Muitíssimo mais grave é aquela apropriação que se faz, através da coincidência de interesses e propósitos entre o Estado e os interesses do grande empresariado.
Esta coincidência --que tem a ver com o "caráter de classe" do Estado-- não é corrupção, no sentido vulgar da palavra. Não é ilegal. Mas é o que provoca maiores danos aos interesses públicos, se por isto entendermos os interesses da ampla maioria do povo brasileiro.

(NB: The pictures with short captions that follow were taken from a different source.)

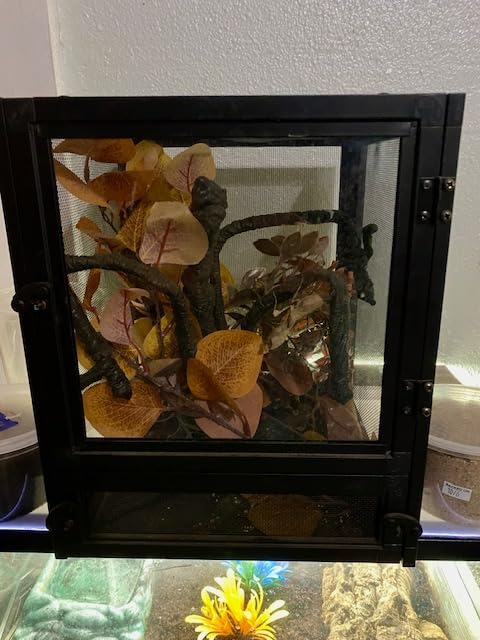 Zoo Med Labs Nano Breeze Aluminum Screen Cage 10 x 10 x 12 customer photo 1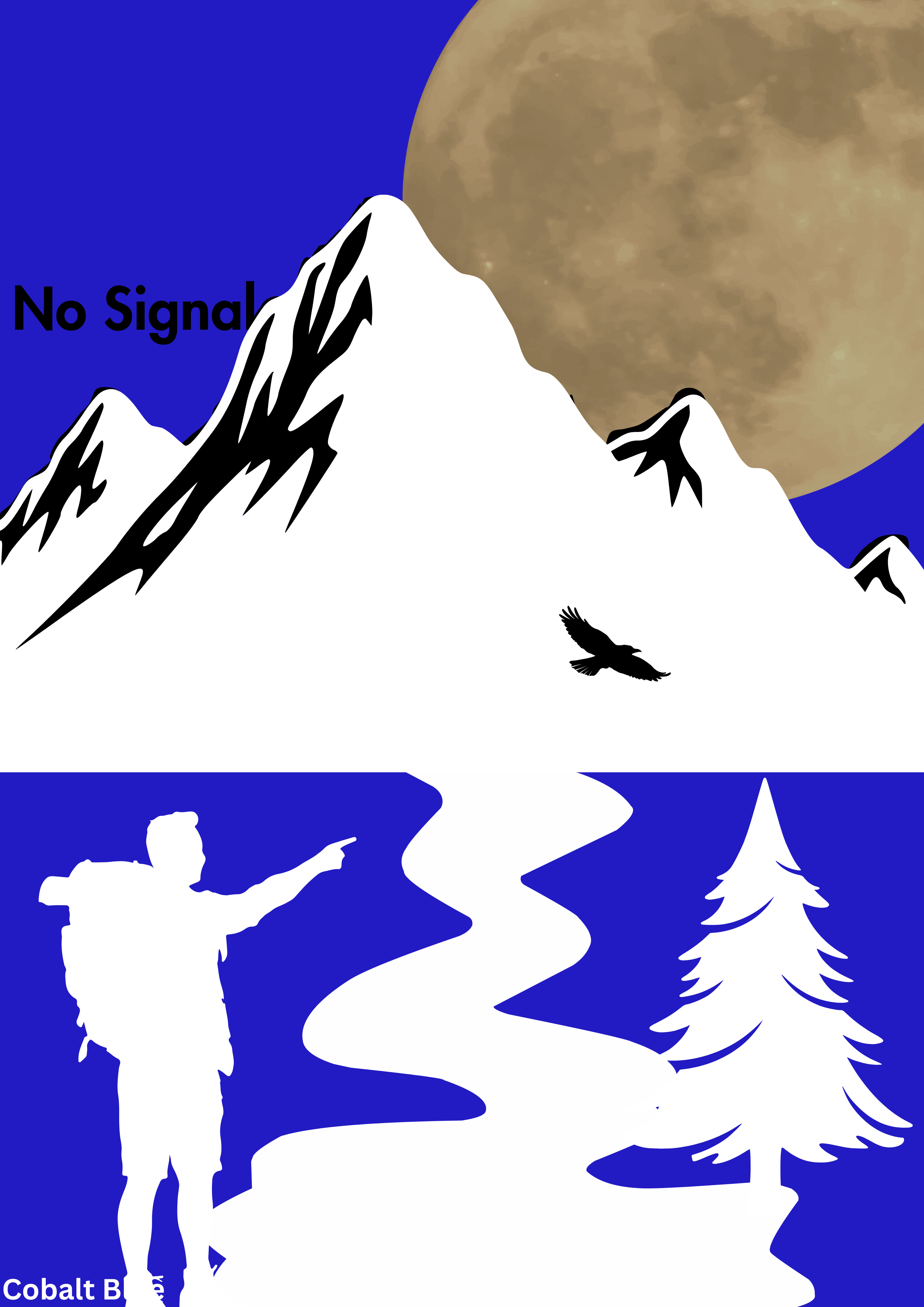 No Signal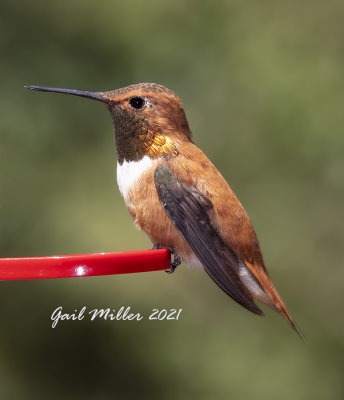 Rufous Hummingbird, male. 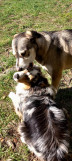 Arlequin Doggy day care_Allos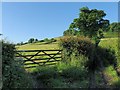 Gateway on Denbury Down Lane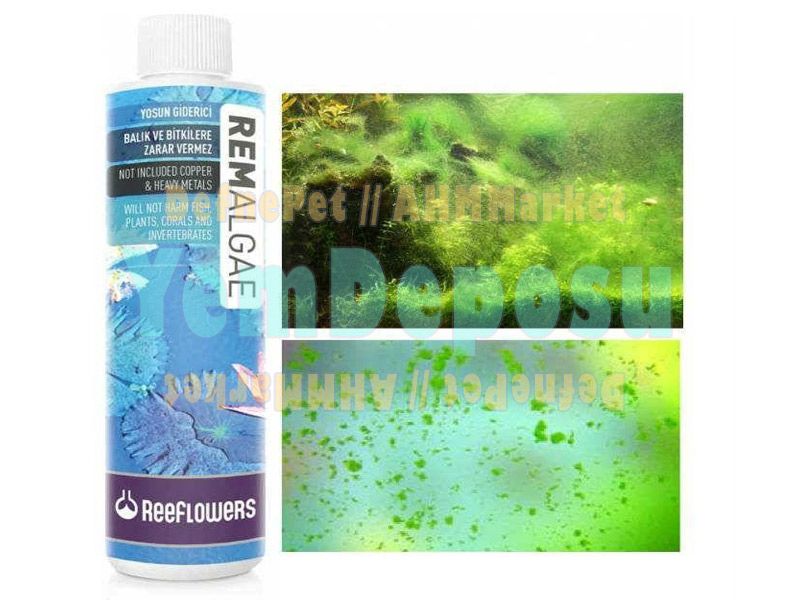 REM ALGAE YOSUN GİDERİCİ 3000ML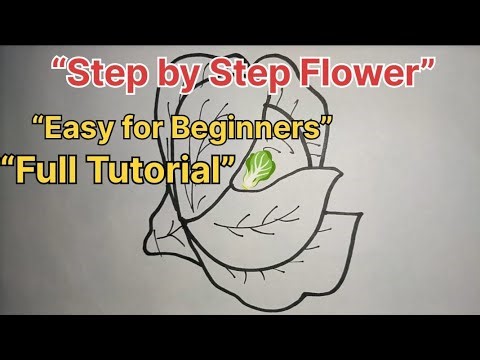 Easy Cabbage 🥬 Drawing Step by Step for Beginners 🌸 | Ajmina Art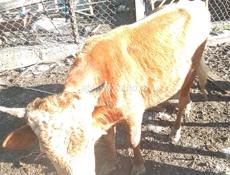 Продаю быков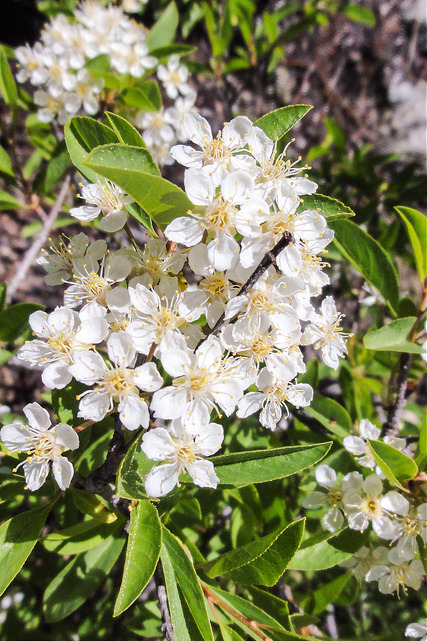 Prunus emarginata
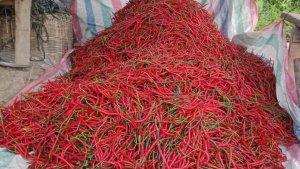 HARGA-CABAI-DI-GAYO-LUESS-NAIKKK.jpg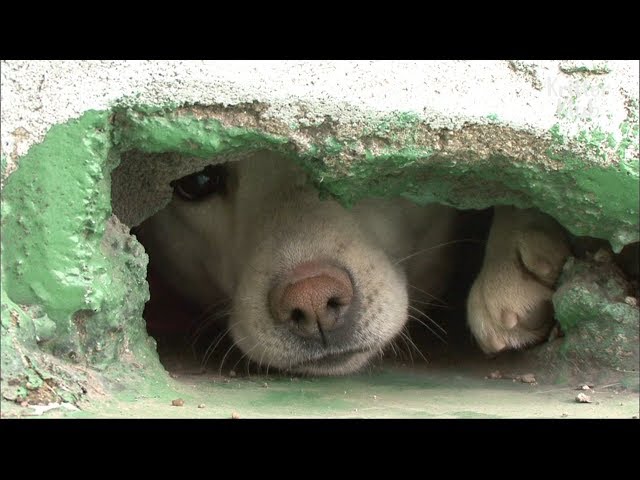 Rescue Of Dogs Living In The Eaves Of A Roof | Kritter Klub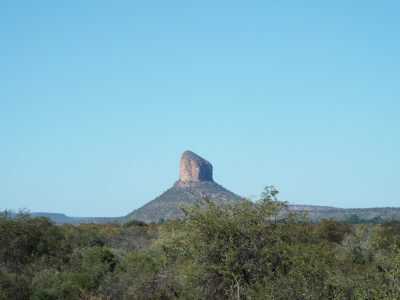 Blood In The Bushveld: A Father And Son On Their First Safari in South Africa The views during the safari were as memorable as the hunt itself for the author and his son.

Mas seguir por este caminho, colocaria em questão os corruptores (grandes empresários) e o próprio papel do Estado. Assim, nada mais conveniente para a direita (e para uma esquerda social-democrata) que restringir o foco da crítica, limitando-se ao senso comum, aceitando a pauta tucana segundo a qual o problema está no "número" (mínimo ou máximo) "necessário de dirigentes para imprimir a marca da política governamental".
Só que limitar o foco, não limita as tolices propostas. Defender que "apenas através de concurso público se ocupem cargos de confiança, porque, sendo os servidores de carreira, vamos abolir essa tentativa de apropriação e privatização do Estado", pressupõe acreditar que os “servidores de carreira” são imunes à corrupção. Quando até mesmo a presente crise teve origem numa corrupção praticada por um servidor com mais de 20 anos de carreira.
Assim, aberta a porta para o vampiro, restrito o foco da análise e das propostas, o próximo passo –depois de reduzir a presença do PT no governo— será propor a redução do próprio aparato de Estado, claro que preferencialmente nas áreas sociais, tão sujeitas ao “populismo”. Como se vê, a ideologia transgênica do senador Tião Viana acaba se transformando, mais cedo ou mais tarde, no ideário neoliberal.
Só para lembrar: a mesma Itália que fez a “Operação Mãos Limpas” caiu nas mãos de um Berlusconi. Portanto, cuidado com os estripadores, eles não sabem o fazem. Ou sabem.